### Action item
Within the lines below, the span from the line with "Rayka HBS-913 Bluetooth" to the line with "Love Doll Secretary", both ends included, is to be reproduced exactly, with pictures omitted.

Crawled caption data
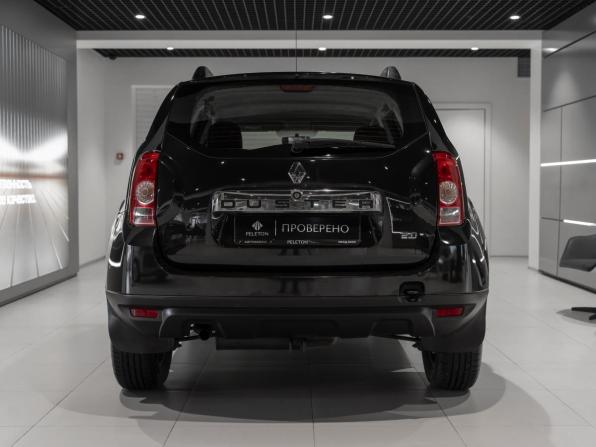 Renault Duster I с пробегом 2014 года, цена 920 000 рублей, 166997 км, внедорожник, Автокод Объявления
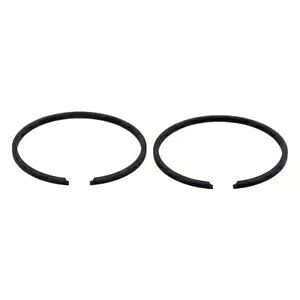 sXgOZbg Victoria EM50GW Vicky Avanti 40x2mm C^pO DKW- Piston ring set Victoria EM50 engine Vicky Avanti 40x2 mm shape C rectangular rings DKW-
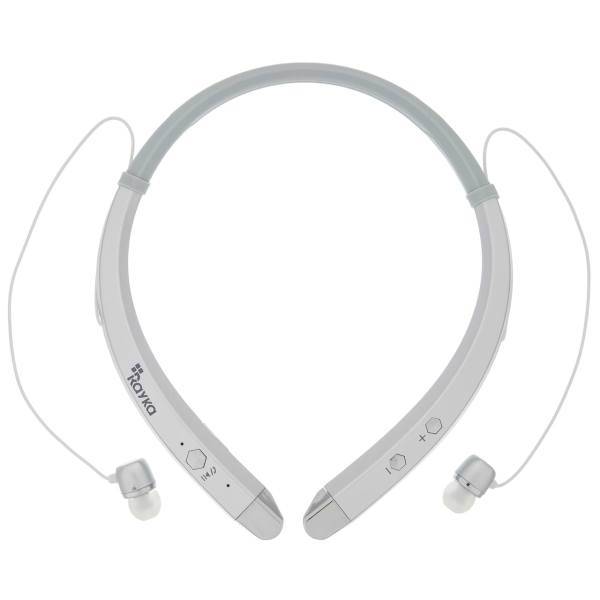 Rayka HBS-913 Bluetooth Headset، هدست بلوتوث رایکا مدل HBS-913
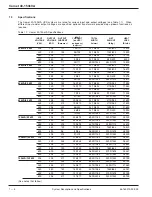 Preview for 20 page of MGE UPS Systems 40-150kVA Installation And User Manual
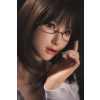 Love Doll Secretary Saika 5ft 2' (160 cm)/ E-Cup - Jiusheng Doll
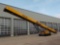 2017 Barford TR6536 Tracked Stockpile Conveyor 65' x 36
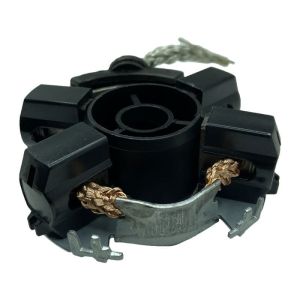 Couronne porte balais compatible pour démarreur BOSCH 1004336591 - Couronne porte-balais compatible pour démarreur BOSCH 100433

### Written response
 Rayka HBS-913 Bluetooth Headset، هدست بلوتوث رایکا مدل HBS-913
 Preview for 20 page of MGE UPS Systems 40-150kVA Installation And User Manual
 Love Doll Secretary Saika 5ft 2' (160 cm)/ E-Cup - Jiusheng Doll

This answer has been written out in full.